*What you have to do:*
Somewhere below, one line contains "Señalización de la" and a later line contains "Peugeot 5008 1.6 HDi (88.000KM) CERTIFICATI". Output those two lines and everything between them exactly, and nothing else.

*Task material:*
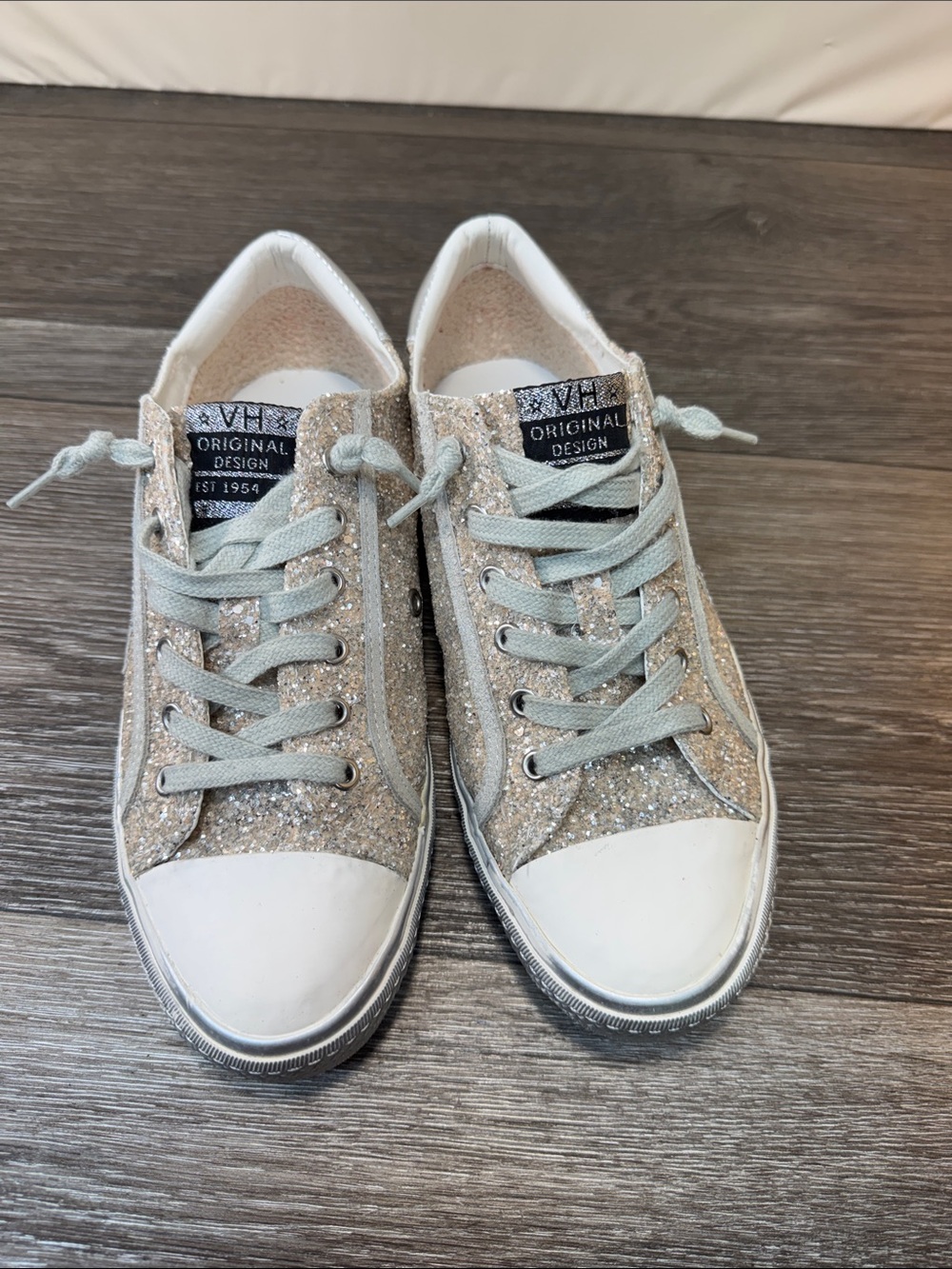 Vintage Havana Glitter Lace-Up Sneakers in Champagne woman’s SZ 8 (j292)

--

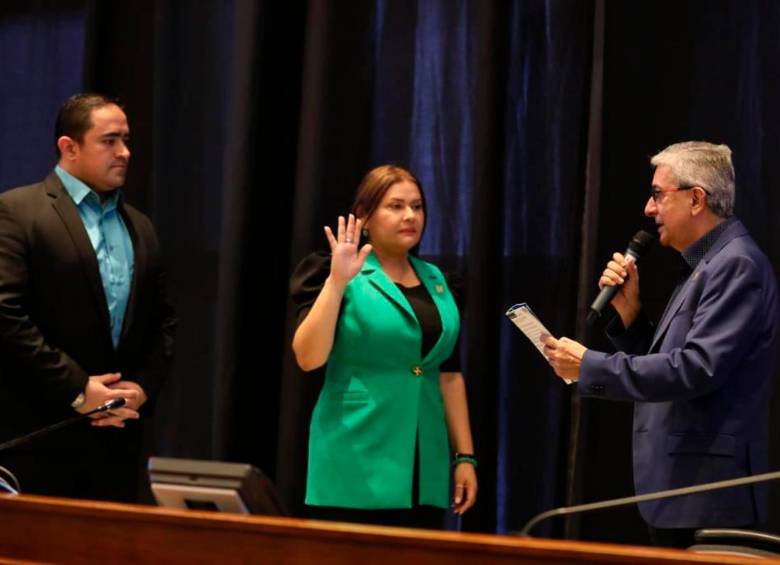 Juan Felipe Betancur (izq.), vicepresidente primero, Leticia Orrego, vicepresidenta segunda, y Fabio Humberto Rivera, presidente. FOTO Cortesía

--

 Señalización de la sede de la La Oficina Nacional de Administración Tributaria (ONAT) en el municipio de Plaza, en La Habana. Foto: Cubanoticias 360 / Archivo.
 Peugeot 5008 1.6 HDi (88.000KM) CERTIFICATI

*Response below:*
 Señalización de la sede de la La Oficina Nacional de Administración Tributaria (ONAT) en el municipio de Plaza, en La Habana. Foto: Cubanoticias 360 / Archivo.
 Peugeot 5008 1.6 HDi (88.000KM) CERTIFICATI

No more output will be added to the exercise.